Shiro Hasegawa

Biography

  • 1956: Born in Sendai City, Miyagi Prefecture.
  • 1977-’81: While studying in the oil painting department of Musashino Art University, Hasegawa’s interest in classical oil painting style led him to form a group called the “Painting Composition Research Group” with like-minded fellow students. Also, he began working in the copper-plate etching medium in parallel with his oil painting.
  • 1982-’87: After graduating from art university in Tokyo, Hasegawa returned to his hometown of Sendai but continued to show his work in a rental gallery in the Ginza district of Tokyo, and in the area of creative subject, he was influenced by contemporary art that he saw in local contemporary art galleries in Sendai and through writing for a critical art magazine.
  • 1988 – ’95: Influenced by contemporary art, he changes from oil painting to painting with acrylic paints and an air brush. This became a period when Hasegawa’s style changed most dramatically.
  • 1996 – 2002: He returns to painting with oils in a style of representational realism. He chooses to show his work mostly in local exhibitions in Sendai. He forms a new relationship with the Shikishima Gallery in Sendai. Shikishima Gallery specializes in traditional Japanese crafts, and the gallery’s owner has a profound knowledge of classical literature.
  • 2003 – ’09: This is a period in which Hasegawa holds solo exhibitions on a regular basis, including regular solo exhibitions at a department store gallery in Sendai and in Tokyo and other localities.

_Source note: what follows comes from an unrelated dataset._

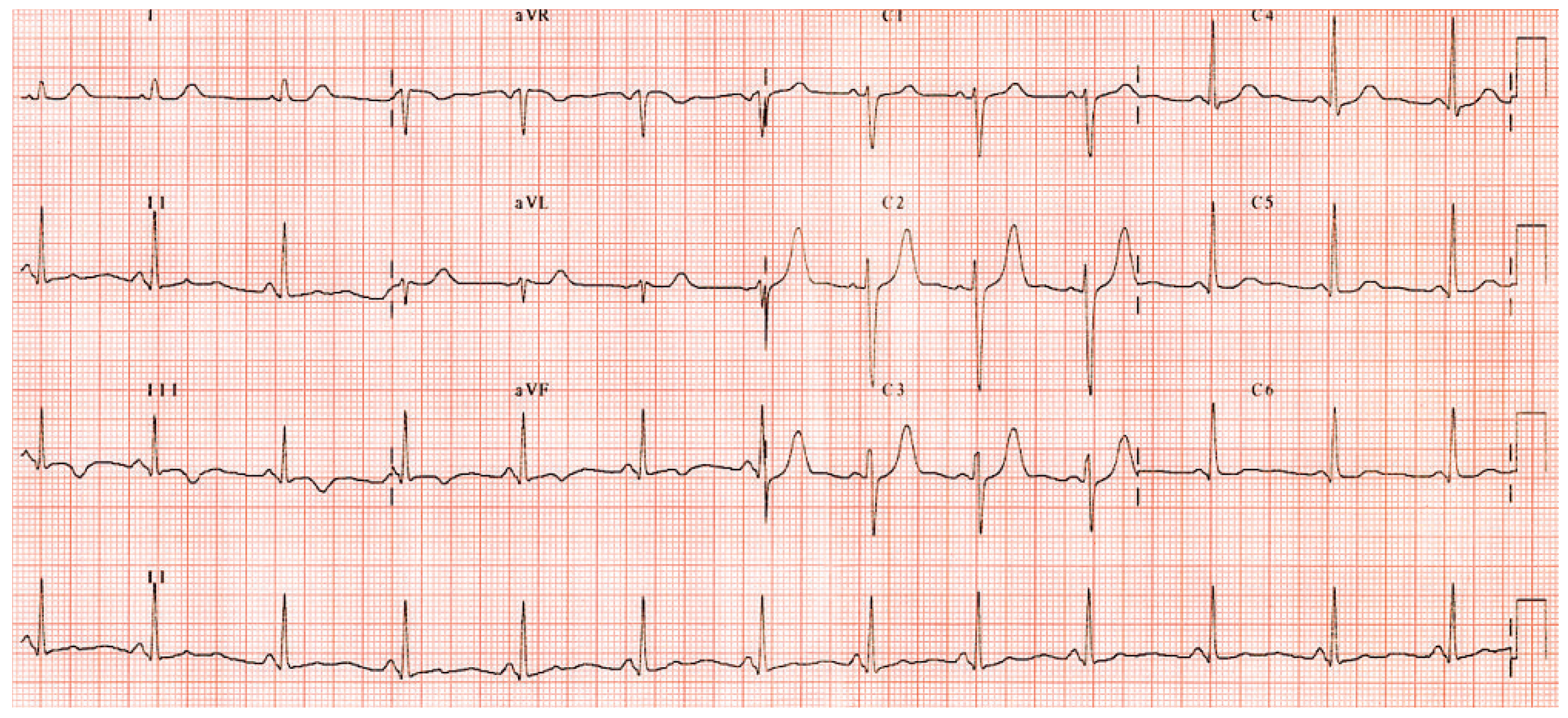 Cardiovascmed 13 00243 g002 Cardiovascmed 13 00243 g002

Stylistically, it is a period of a variety of styles, centering mainly in Western style representational realism.
  • 2010 – ’12: Departing from his style of representational realism, this is a period when Hasegawa searches for his own individual style of painting. To separate himself from a purely representational style, he introduced clear literary subjects into his paintings. He creates paintings based on a re-discovery of Japanese traditional culture.

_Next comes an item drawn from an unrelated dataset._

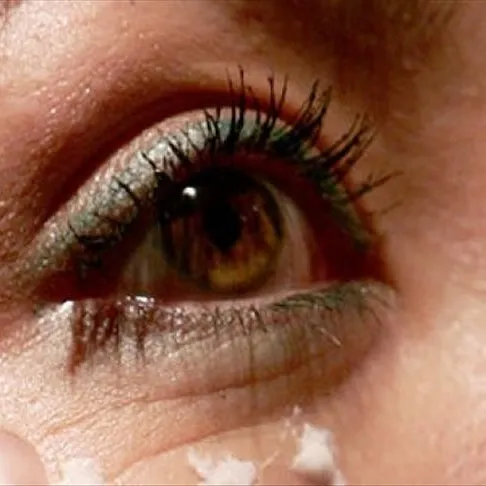 Katarakttan gözünüz kırksun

  • 2011: First solo exhibition of paintings taking subjects from literature. He uses oil paints to create paintings based on subjects from The Tale of Genji and Tale of the Heikei.

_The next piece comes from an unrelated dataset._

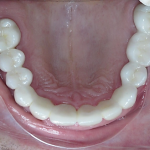 Upper Teeth Restored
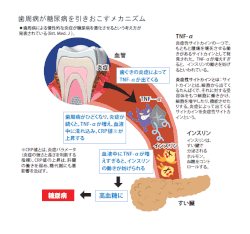 歯周病と糖尿病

  • Stylistically, his paintings are still classifiable as Western style representational realism, but to this he adds elements of traditional Japanese pictorial expression.
  • 2013: In this year’s solo exhibition, Hasegawa departs from Western style representational realism in favor of a more abstract style introducing traditional Japanese patterns. This is a result of learning from studies of Japanese art history that the categorization of art occurred in the Meiji Period as a result of Western influence and his resulting search for subjects not from painting, but from Japanese traditional crafts and other areas. His sources of subject change to The Tale of Genji and the Manyoshu poetry collection.
  • 2015: This year’s solo exhibition, influenced by Japanese traditional crafts, Hasegawa take oil paints as a material for craft creation, using 2 of the shells used in mother-of-pearl work and gold paint to create his own new working style.